Yeah, I did try that, but performance was lacking. Java, if you stick with primitives and use a C-like programming style (miniminal objects) was pretty close to C performance when I tried it, except for this one gap.

[emcrazyone]

As I read the article, I was wondering if the GCC compiler was converting some of the code to intrinsics?

If this is the case, and I'm not a Java programmer, I was wondering if there is a way in Java to tell the JVM to do something similar and, if so, how does the JVM cope with different CPUs. Does the JVM, on x86-64 for example, know when it can use SSE instructions?

[xxs]

Speaking of hotspot: No intrinsics for >64 bits. Comparing Strings/copying arrays does utilize SSE. There is a minimal support for auto-vectorizing some simple loops. [0] (4y old thread)

[0]: http://mail.openjdk.java.net/pipermail/hotspot-compiler-dev/...

[Cthulhu_]

In those cases you could of course opt to write the high-performance bit in C and have Java call that. No reason to stick to one language if performance is critical.

[jacquesm]

The overhead of calling a JNI function is considerable so this only works for functions that do a relatively large amount of work.
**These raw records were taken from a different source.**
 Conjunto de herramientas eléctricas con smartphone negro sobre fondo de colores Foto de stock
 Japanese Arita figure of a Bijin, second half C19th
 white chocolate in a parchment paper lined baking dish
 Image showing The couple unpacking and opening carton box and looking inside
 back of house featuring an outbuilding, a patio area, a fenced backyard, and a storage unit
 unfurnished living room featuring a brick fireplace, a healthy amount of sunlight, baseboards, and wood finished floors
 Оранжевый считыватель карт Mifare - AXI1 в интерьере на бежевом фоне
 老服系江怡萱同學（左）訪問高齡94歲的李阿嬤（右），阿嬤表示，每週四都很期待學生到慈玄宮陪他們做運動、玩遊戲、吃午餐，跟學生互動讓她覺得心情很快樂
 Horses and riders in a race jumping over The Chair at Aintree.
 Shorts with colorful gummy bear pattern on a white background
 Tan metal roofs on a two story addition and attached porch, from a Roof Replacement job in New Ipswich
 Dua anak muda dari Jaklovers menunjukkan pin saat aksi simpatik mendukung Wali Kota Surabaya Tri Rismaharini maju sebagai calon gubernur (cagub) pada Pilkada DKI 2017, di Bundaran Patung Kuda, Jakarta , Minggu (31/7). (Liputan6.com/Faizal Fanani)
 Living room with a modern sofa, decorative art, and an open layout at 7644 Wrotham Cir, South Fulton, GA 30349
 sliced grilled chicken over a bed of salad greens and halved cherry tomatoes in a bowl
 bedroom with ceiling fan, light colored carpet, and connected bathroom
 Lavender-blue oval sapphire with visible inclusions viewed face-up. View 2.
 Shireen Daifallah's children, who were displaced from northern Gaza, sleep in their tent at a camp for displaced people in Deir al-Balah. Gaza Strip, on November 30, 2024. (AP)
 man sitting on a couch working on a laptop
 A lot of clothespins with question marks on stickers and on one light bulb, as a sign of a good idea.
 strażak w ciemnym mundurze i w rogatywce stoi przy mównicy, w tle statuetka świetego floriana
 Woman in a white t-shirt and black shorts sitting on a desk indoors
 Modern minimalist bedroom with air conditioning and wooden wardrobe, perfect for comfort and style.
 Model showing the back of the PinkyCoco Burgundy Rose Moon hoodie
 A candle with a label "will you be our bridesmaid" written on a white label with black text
There are also a ton of other drawbacks to this related to the fact that you've now escaped the JVM, miss out on the management of memory for those functions (so better make them stateless) and a host of other potential pitfalls depending on what platform you're doing this.

Definitely not an 'of course', and for critical performance if the function is small enough it might actually be slower to write it in C and call it from the JVM.

[xxs]

Indeed, you need a relatively large direct ByteBuffers and optimally paralyze the JNI call to take benefit of multi-core. It's a non-trivial task to get stable performance boosts unless the data volume is sufficient.

[tacos]

write one? it's simple algebra.

[nitrogen]

The problem is performance when working with an entire object rather than a primitive type.

[acchow]

Your homegrown object wouldn't have any special meaning in the JVM and wouldn't be able to be optimized as a 128-bit integer.

[jovdg]

Parent probably means writing the muldiv function, which would return a "basic" 64bit int.